An abstraction of a computer
If we looked inside a mobile phone and tried to understand all of the different parts in it and how they worked together so we could make phone calls and text each other, we would very quickly be overwhelmed with complicated information. It's the same with any system. Imagine trying to understand how a car engine works by trying to make sense of each individual component, or trying to understand how a TV works by getting to grips with each part of a TV when we take the back off, or understanding how a plane flies. It's the same with any computer system. There are literally thousands of different parts and we can't possibly understand the engineering complexities of each one. For this reason, we need to simplify the system. We need to create a model of what we can see so that we can start taking our knowledge further without getting bogged down in too much detail.
A simplified model is also known by the fancy word 'abstraction'. We are taking a complex system and building an abstraction of it so we can push our knowledge further on without worrying about the details. When can build an abstraction of how computers work. Here it is:
This abstraction shows us a lot of information about very complicated computer systems:
- input devices (e.g. a microphone, keyboard or mouse) capture data from the real world
- they pass this data to the CPU
- the CPU sends data to output devices (e.g. monitors or speakers)
- the CPU sends data to RAM and also gets data and program instructions back from RAM
- the RAM sends data to and from the CPU but also RAM sends data to and receives data from the storage devices (e.g. the hard drive)
- the CPU doesn't deal directly with programs on storage devices. It deals directly only with data in RAM
- if the CPU wants to store data or get back data from a storage device, all data must go via RAM.

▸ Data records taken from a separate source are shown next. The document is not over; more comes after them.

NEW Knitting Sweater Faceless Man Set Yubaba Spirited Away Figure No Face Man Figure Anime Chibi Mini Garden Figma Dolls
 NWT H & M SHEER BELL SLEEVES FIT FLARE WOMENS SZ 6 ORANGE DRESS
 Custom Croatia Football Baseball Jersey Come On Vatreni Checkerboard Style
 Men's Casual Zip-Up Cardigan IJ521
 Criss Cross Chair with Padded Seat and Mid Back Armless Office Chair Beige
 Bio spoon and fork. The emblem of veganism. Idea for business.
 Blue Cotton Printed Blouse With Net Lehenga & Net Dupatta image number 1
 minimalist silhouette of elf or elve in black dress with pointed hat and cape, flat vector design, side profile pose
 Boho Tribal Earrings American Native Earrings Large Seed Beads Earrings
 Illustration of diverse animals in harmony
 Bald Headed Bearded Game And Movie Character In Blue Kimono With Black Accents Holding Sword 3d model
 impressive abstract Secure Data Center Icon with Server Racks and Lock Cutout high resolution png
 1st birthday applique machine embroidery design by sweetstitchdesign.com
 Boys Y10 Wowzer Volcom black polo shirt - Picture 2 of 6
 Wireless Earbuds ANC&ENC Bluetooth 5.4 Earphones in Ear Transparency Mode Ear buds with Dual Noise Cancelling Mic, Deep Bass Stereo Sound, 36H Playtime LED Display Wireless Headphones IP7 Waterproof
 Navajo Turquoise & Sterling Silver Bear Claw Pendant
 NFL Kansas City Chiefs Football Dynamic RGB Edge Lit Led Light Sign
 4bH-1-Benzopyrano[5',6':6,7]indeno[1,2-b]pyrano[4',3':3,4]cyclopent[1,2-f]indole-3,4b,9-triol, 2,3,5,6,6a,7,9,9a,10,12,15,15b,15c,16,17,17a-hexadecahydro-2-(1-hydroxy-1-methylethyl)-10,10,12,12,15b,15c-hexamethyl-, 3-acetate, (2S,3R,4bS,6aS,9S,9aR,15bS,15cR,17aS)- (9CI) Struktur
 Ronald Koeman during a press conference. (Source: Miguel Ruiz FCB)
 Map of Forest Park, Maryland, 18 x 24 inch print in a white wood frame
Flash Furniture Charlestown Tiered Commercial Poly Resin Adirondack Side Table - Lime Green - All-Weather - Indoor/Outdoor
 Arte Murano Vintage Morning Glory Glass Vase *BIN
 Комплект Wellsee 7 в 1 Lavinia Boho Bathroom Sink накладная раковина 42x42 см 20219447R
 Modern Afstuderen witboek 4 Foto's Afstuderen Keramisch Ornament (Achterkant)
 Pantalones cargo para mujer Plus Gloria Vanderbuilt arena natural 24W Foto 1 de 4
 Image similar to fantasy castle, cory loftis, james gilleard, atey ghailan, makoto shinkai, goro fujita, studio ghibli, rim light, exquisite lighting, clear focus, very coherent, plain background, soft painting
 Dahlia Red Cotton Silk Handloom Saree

Something that is actually very complicated is now something we can start to understand, all because we used an abstraction of what was real to make a simplified model, which we can understand. If you keep the above model in mind, you will find that it actually applies to nearly all computer systems you know, including mobile phones, tablet PCs, laptops and even things that might not seem like a computer system, such as a computer controlled microwave oven or washing machine, a burglar alarm or a firm alarm.
Q1. Tick whether each piece of hardware is an input device, an output device or a storage device. The first two have been done for you. If you are not sure about any of them then use the Internet or a text book to help you.
|Hardware device||input device||output device||storage device|
|Bar code reader|
|QR code reader|
|Micro SD card|
Q2. What does CPU stand for?
Q3. Why do computers need storage devices?
Q4. Sometimes, computers start to behave strangely, in a way that is not supposed to happen. One piece of advice when this happens is to turn the computer off then on again. Explain why this advice is given.
Q5. Why might two identical computers work at different speeds, if one computer had twice as much RAM as the other?
Q6. When you read about RAM and storage devices, you might see the terms 'volatile' and 'non-volatile' memory. What do they mean?
Q7. Look up 'cache' on the Internet (pronounced 'cash'). What is cache?
Q8. What is meant by booting-up a computer?
Q9. Computers come with ROM. There is a special program inside ROM that runs when you boot your computer up. Using the Internet, find out what jobs this special program carries out.
Q10. Do some research. Find out what dual-core, quad core and multi-core processors are and why they are important.